More than a leg to stand on

May 20, 2014

Sao Paulo, Brazil

By Nacho Doce

Alexandre Toledo, age 36, plays soccer with his amateur team every Saturday in the fields around Sao Paulo. He’s one among 22 players on the pitch, but he’s the only one with just one leg.


Alexandre, a former professional player for a soccer club in Minas Gerais state, injured his left leg in 1996 in a motorcycle accident while vacationing on the coast. He struggled for a year to regain use of the limb, but in 1997, with the support of his father, he made the difficult decision to have it amputated.
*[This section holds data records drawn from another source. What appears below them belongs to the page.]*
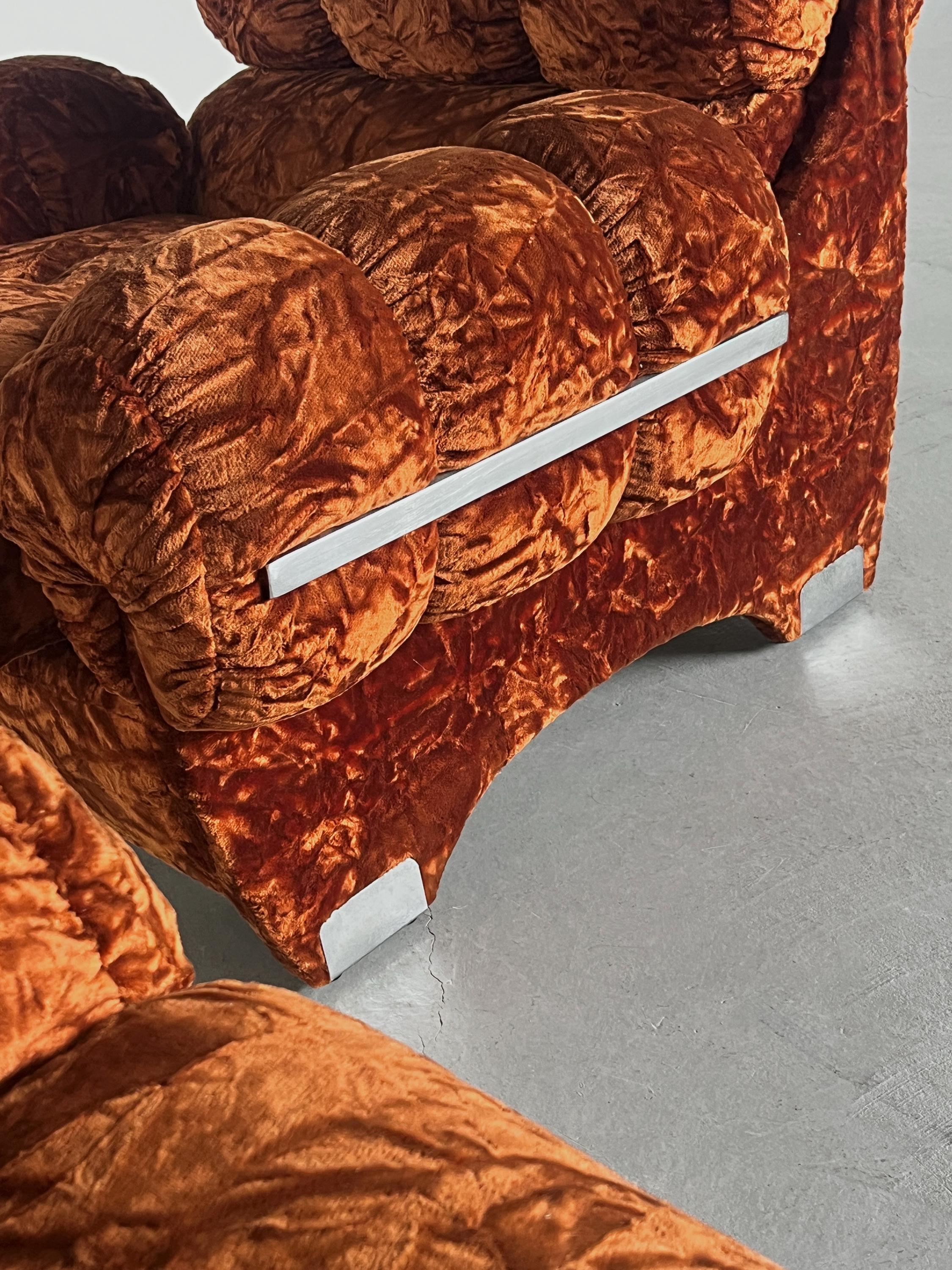 Sculptural Italian Armchairs in Vintage Velvet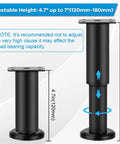 Heavy Duty Metal Adjustable Furniture Legs Set Of 4, 4.7 To 7 Inch, Replacement Legs For Couch Bed Desk Table Chair Sofa Dresser, Black Finish. Height chart and stability advisory visible.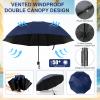 Clysee 2 Pack Large Double Canopy Chair Umbrella with Clamp Adjustable Sun Shade Beach Chair Umbrella Folding Portable Umbrellas for Outdoor Sports Golf Cart Patio Fishing(55 Inches,Blue) view 3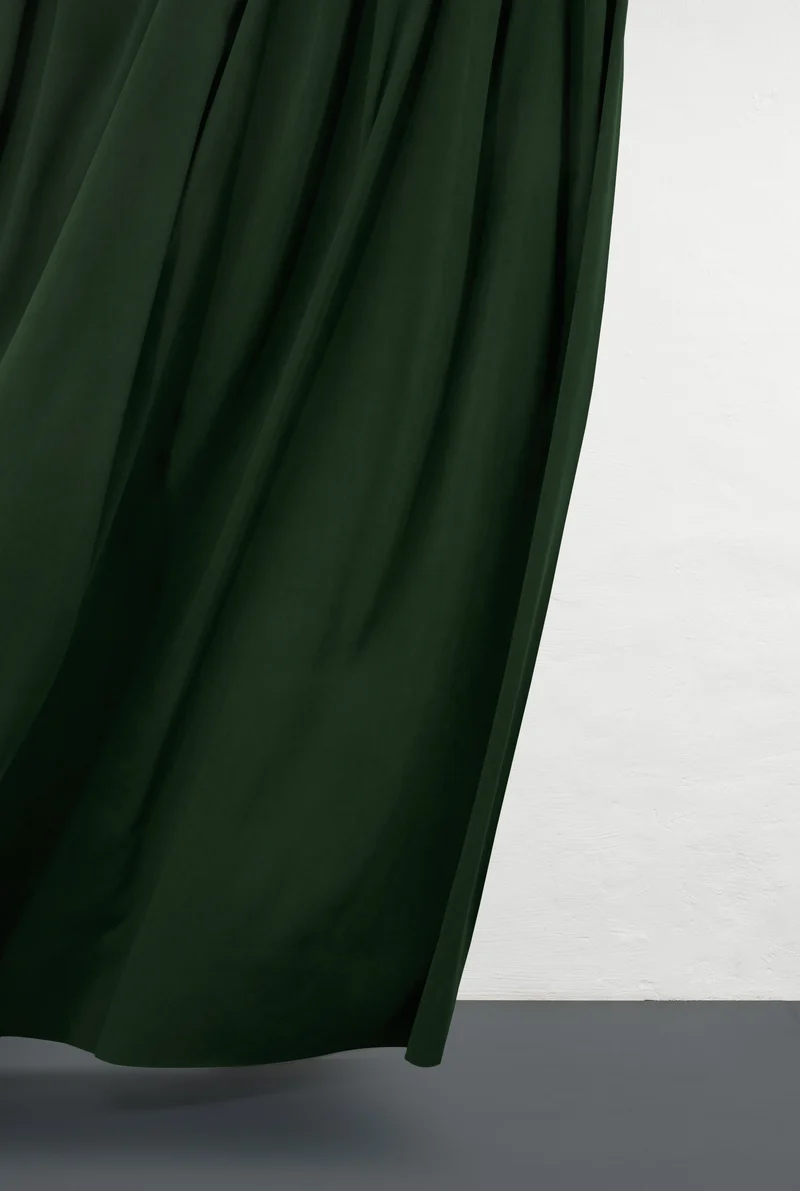 Dimout Curtains "Groovy Corduroy Weave" in Forest Green Color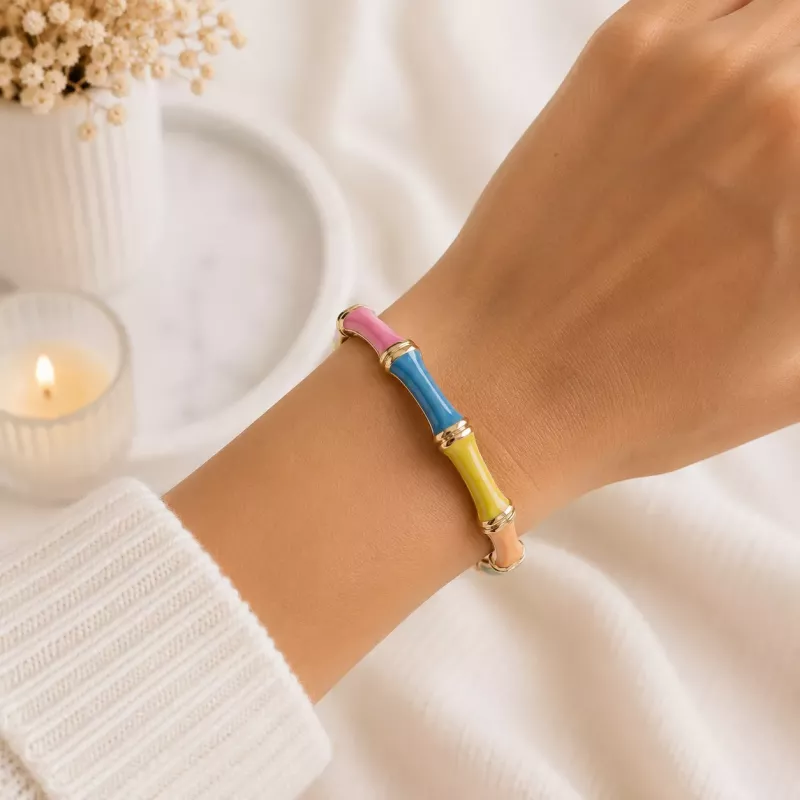 Bracelet jonc coloré effet bambou
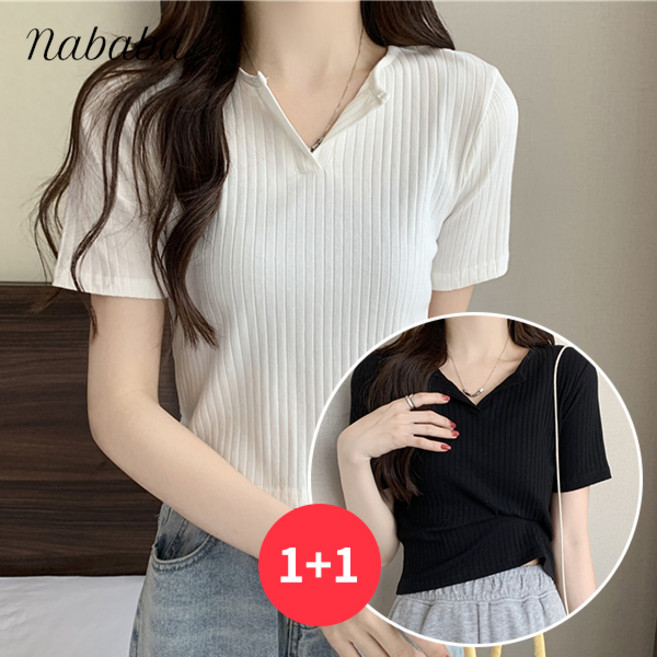 나바바 NT2731 여성 1+1 심플 골지 버튼 브이넥 반팔티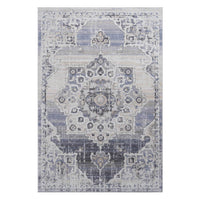 8X10 Cream Blue Medallion Non Shedding Living Room Bedroom Dining Home Office Stylish And Stain Resistant Area Rug Cream Blue Polyester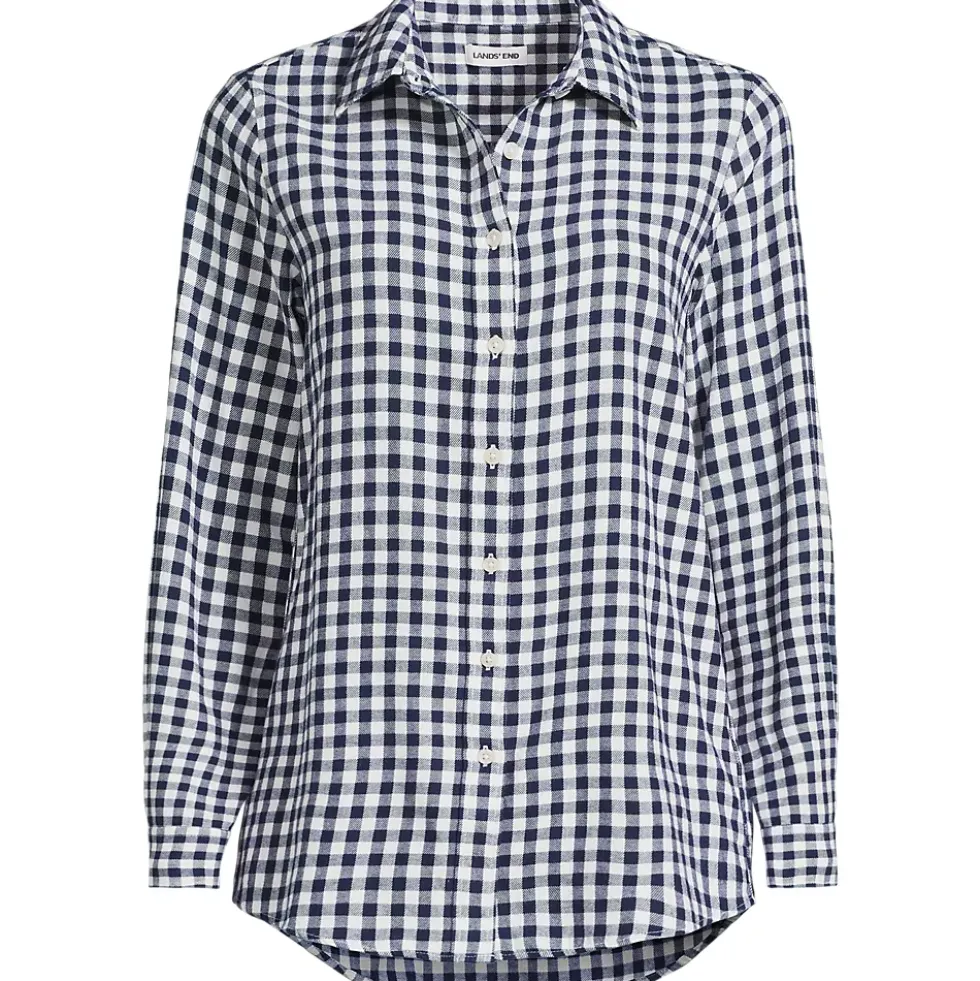 Plus Size Flannel Boyfriend Long Sleeve Shirt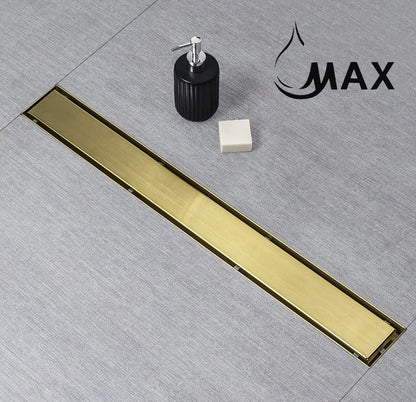 Linear Shower Drain with Cover 30 Inches Brushed Gold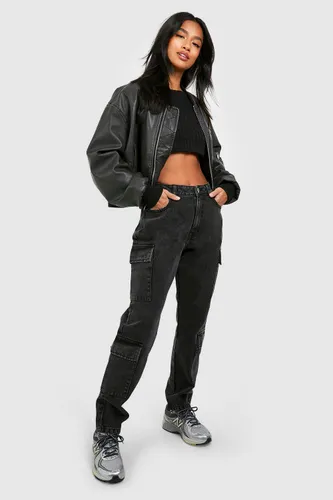 Womens Petite Basics Slim Cargo Jeans - Black - 6, Black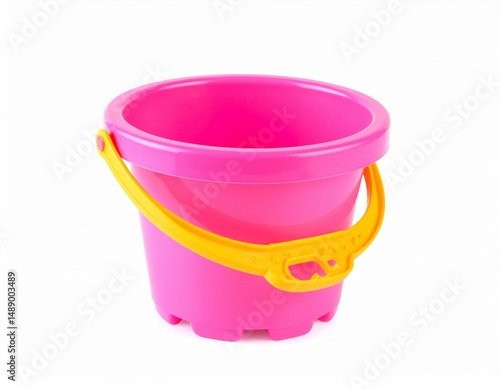 Colorful Sand Toy Bucket Isolated on White Background with Clipping Path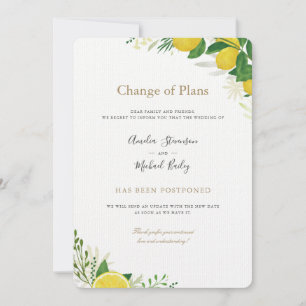 Change of Plans postponed wedding invitation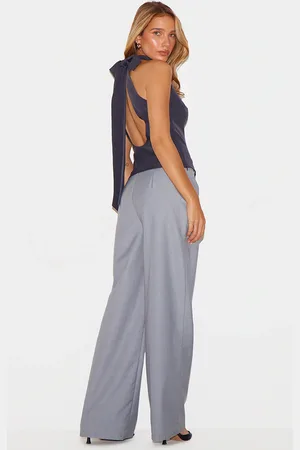 PRETTYLITTLETHING Woven High Neck Tie Detail Top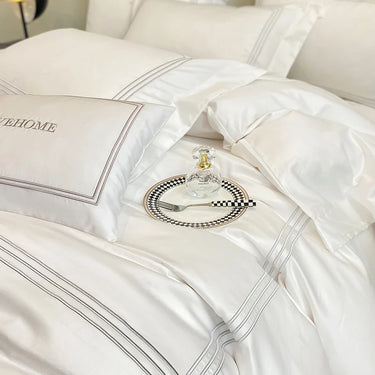 Pure White Pink Luxury Love Home 100% Cotton Lines Embroidery Bedding Set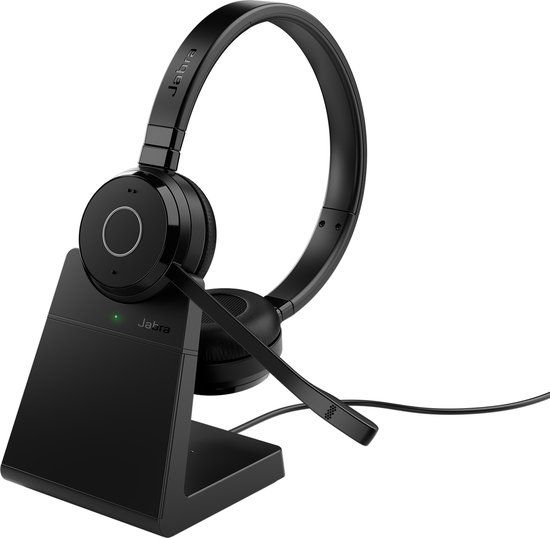 Jabra Evolve 65 TE Headset - Black - USB Type-A - Bluetooth - Charging Stand
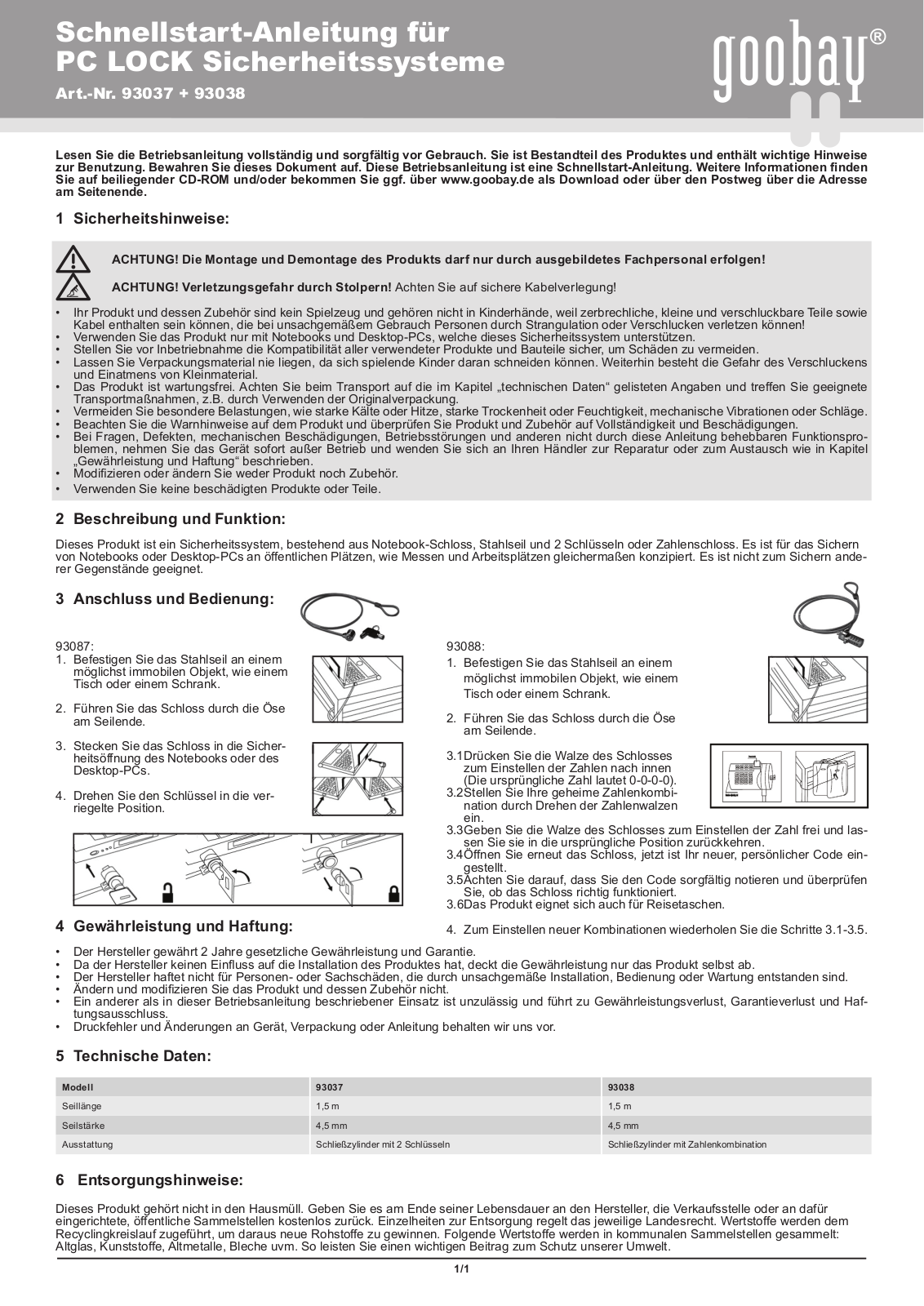 Goobay IQ-LOK-09-K User guide - ManualMachine.com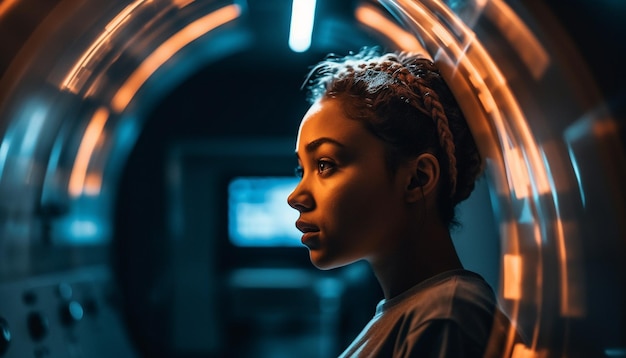 Photo young adult woman looking confident at night generated by ai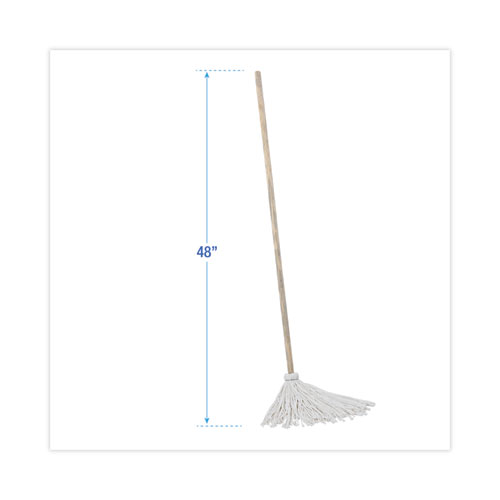 Picture of Handle/Deck Mops, #12 White Rayon Head, 48" Natural Wood Handle, 6/Pack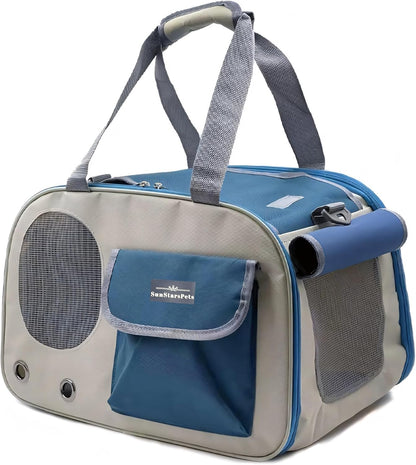 SunStarsPets 折りたたみ式ペットキャリー｜猫・小型犬用／通気性・飛び出し防止・8kg対応（オレンジ）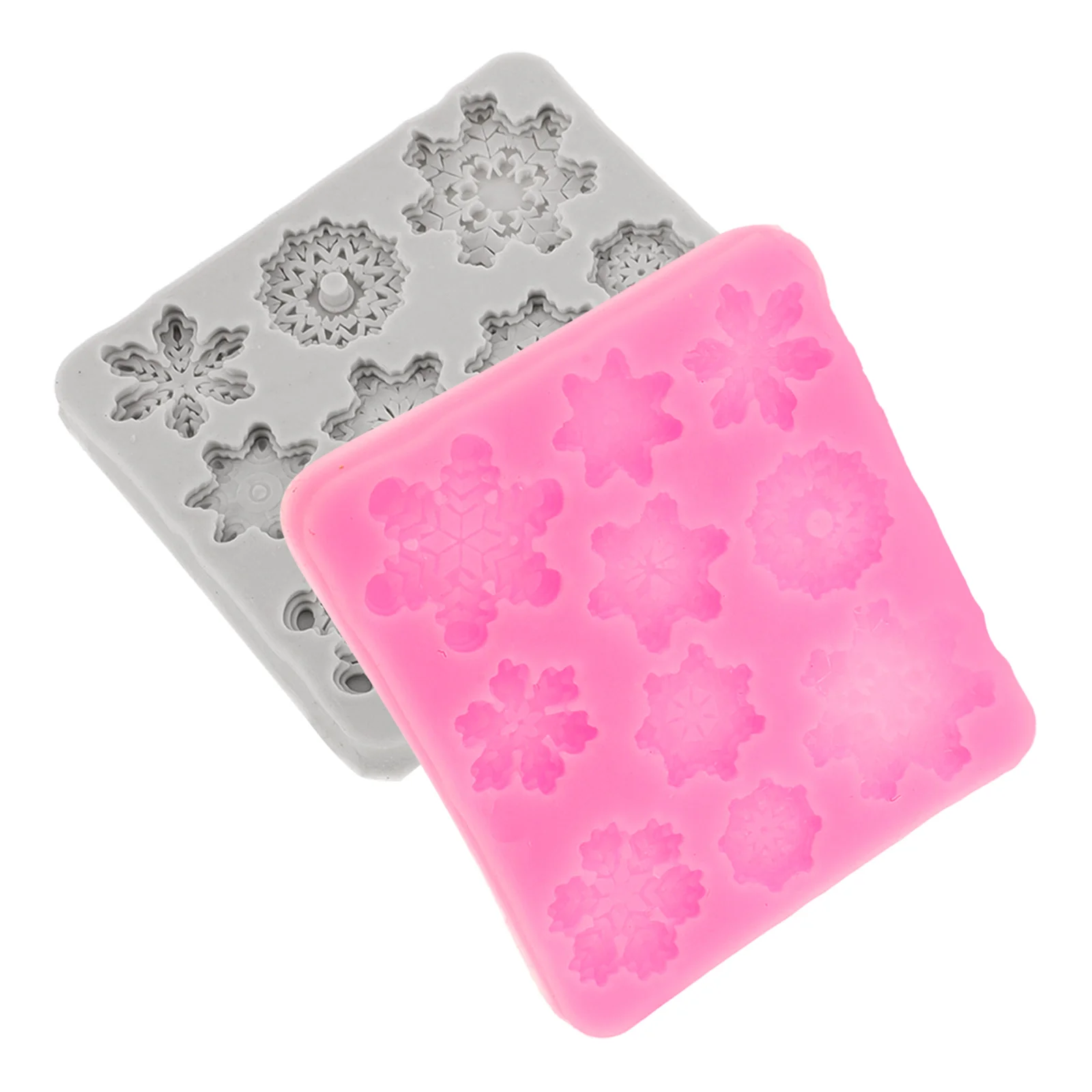 

2pcs Snowflake Silicone Molds Baking Small Size Efficient High Temp Resistance Cake Decor Tools Fondant Chocolate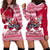 Georgia Christmas Hoodie Dress Santa Claus Riding Motorcycle With Gray Squirrel - Wonder Print Shop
 “My father looked me in the eyes and said, ‘Alexandre, the decision is yours and it’s not an easy one. If you decide to amputate the leg I want you to lift your head up and get out and live your life. It’s no use hanging your head and crying over it just because you still have us, because we won’t be around forever.’”

I first met Alexandre via email, when I wrote to him asking for permission to photograph him playing. With soccer fever gripping Brazil as the World Cup approaches, I decided to accompany him to the outskirts of Sao Paulo over the course of several Saturdays. He would arrive on crutches with his son Gu, who always came to these matches with his dad.

When I saw Alexandre I thought it was going to be hard to watch him play, let alone photograph him; blocking goals with his disability couldn’t be easy. But today I laugh at myself for thinking that. The lesson that Alexandre taught me was that if you really want to do something, you can.

As I photographed him from behind the goal, I became his number one fan. Whenever he blocked a shot I would yell, “Great defense Alexandre!” He would never lose concentration and he spoke with his teammates to motivate them and guide their strategy. Watching him lunge for the ball on just one leg left me speechless.

At the matches, Alexandre and Gu would emerge last from the locker room onto the field to join the team in saying a prayer before kickoff.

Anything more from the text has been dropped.